Validation Component Current Status Risk of Absence
Behavioral boundaries Not standardized Agent takes actions outside intended scope
Continuous monitoring Rare in practice Performance degradation goes undetected
Adversarial testing Ad hoc at best Edge cases cause harm in production
Explainable action chains Not required Liability and compliance exposure
Cross-agent interaction testing Largely unexplored Cascading failures across workflows

Supporting

The deployment pressure is the problem

I get why Epic, Google, Microsoft, and Oracle are moving fast. The administrative burden in healthcare is genuinely crushing. Physicians spend two hours on documentation for every one hour of patient care. Billing errors cost the U.S. healthcare system billions annually. Patient communication is fragmented, inconsistent. Real problems. AI agents are a plausible solution.

But "plausible solution" and "validated solution" are different things, and healthcare has learned this lesson before. Electronic health records themselves were deployed under similar pressure, promising efficiency and quality improvements that took a decade to partially materialize. The unintended consequences (physician burnout, alert fatigue, interoperability failures) nobody validated for in advance.

The pattern is familiar. Technology with genuine potential arrives. Pressure to deploy is enormous. Validation frameworks lag behind. Early adopters discover failure modes in production, on real patients, instead of in controlled evaluation.

The right response isn't to stop deploying healthcare AI agents. The administrative waste is real, the potential efficiency gains matter. The right response is to build the validation frameworks in parallel with the deployments, not after them. Health systems should be demanding validation standards from their vendors, not just feature demos. The FDA or an equivalent body needs to address the regulatory gap for autonomous operational AI in healthcare. And the 94% of enterprises that haven't yet fully implemented agentic AI should treat that number as a chance to learn from the 6% who went first. Including learning from their mistakes.

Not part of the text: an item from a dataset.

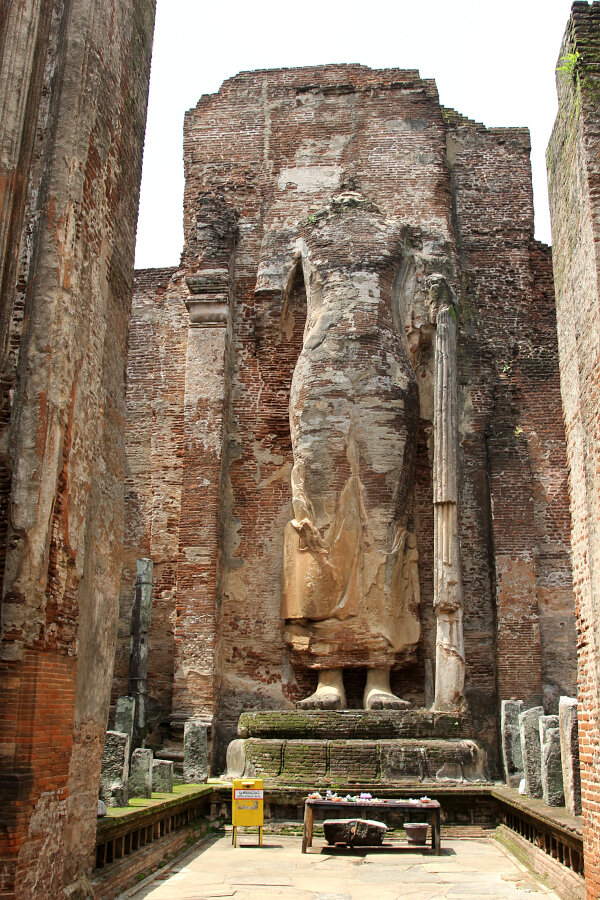 Standing Buddha of Lankatilaka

Epic put three agents on stage at HIMSS. The question that should have followed every demo isn't "when can we have this," but "how do you know this is safe." Until that question gets the same stage time as the product announcement, healthcare AI adoption is running ahead of the infrastructure meant to keep it honest.

Gloss What This Means For You

If you’re evaluating or deploying these agents, treat them like autonomous operators, not smarter assistants: ask vendors to show how they bound behavior, measure safety beyond accuracy, and handle edge cases and escalation. Insist on clear human-review points (or explicit justification for when there is none), robust audit trails, and monitoring that can detect harmful actions—not just model errors. Watch for how your organization will manage accountability when an agent’s “completed action” becomes the default in documentation, billing, or patient communications.